On the Width Scaling of Neural Optimizers Under Matrix Operator Norms I: Row/Column Normalization and Hyperparameter Transfer

A central question in modern deep learning is how to design optimizers whose behavior remains stable as the network width $w$ increases.
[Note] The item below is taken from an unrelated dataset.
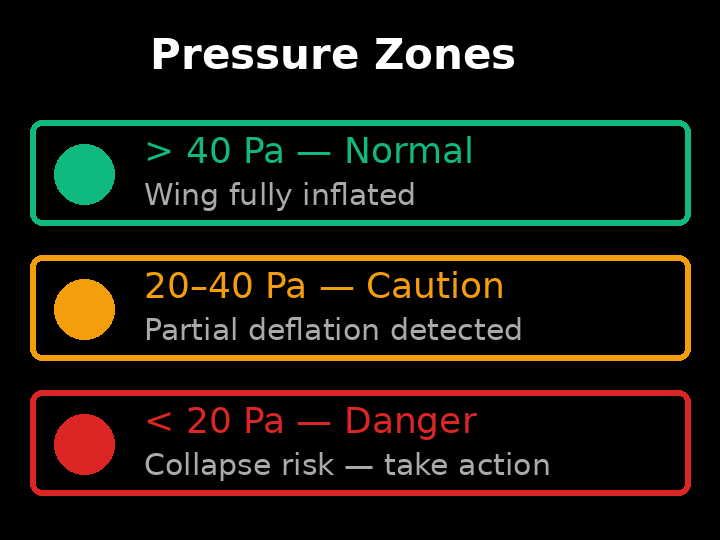 Pressure zone legend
We address this question by interpreting several widely used neural-network optimizers, including \textrm{AdamW} and \textrm{Muon}, as instances of steepest descent under matrix operator norms. This perspective links optimizer geometry with the Lipschitz structure of the network forward map, and enables width-independent control of both Lipschitz and smoothness constants. However, steepest-descent rules induced by standard $p \to q$ operator norms lack layerwise composability and therefore cannot provide width-independent bounds in deep architectures. We overcome this limitation by introducing a family of mean-normalized operator norms, denoted $\pmean \to \qmean$, that admit layerwise composability, yield width-independent smoothness bounds, and give rise to practical optimizers such as \emph{rescaled} \textrm{AdamW}, row normalization, and column normalization. The resulting learning rate width-aware scaling rules recover $μ$P scaling~\cite{yang2021tensor} as a special case and provide a principled mechanism for cross-width learning-rate transfer across a broad class of optimizers. We further show that \textrm{Muon} can suffer an $\mathcal{O}(\sqrt{w})$ worst-case growth in the smoothness constant, whereas a new family of row-normalized optimizers we propose achieves width-independent smoothness guarantees. Based on the observations, we propose MOGA (Matrix Operator Geometry Aware), a width-aware optimizer based only on row/column-wise normalization that enables stable learning-rate transfer across model widths. Large-scale pre-training on GPT-2 and LLaMA shows that MOGA, especially with row normalization, is competitive with Muon while being notably faster in large-token and low-loss regimes.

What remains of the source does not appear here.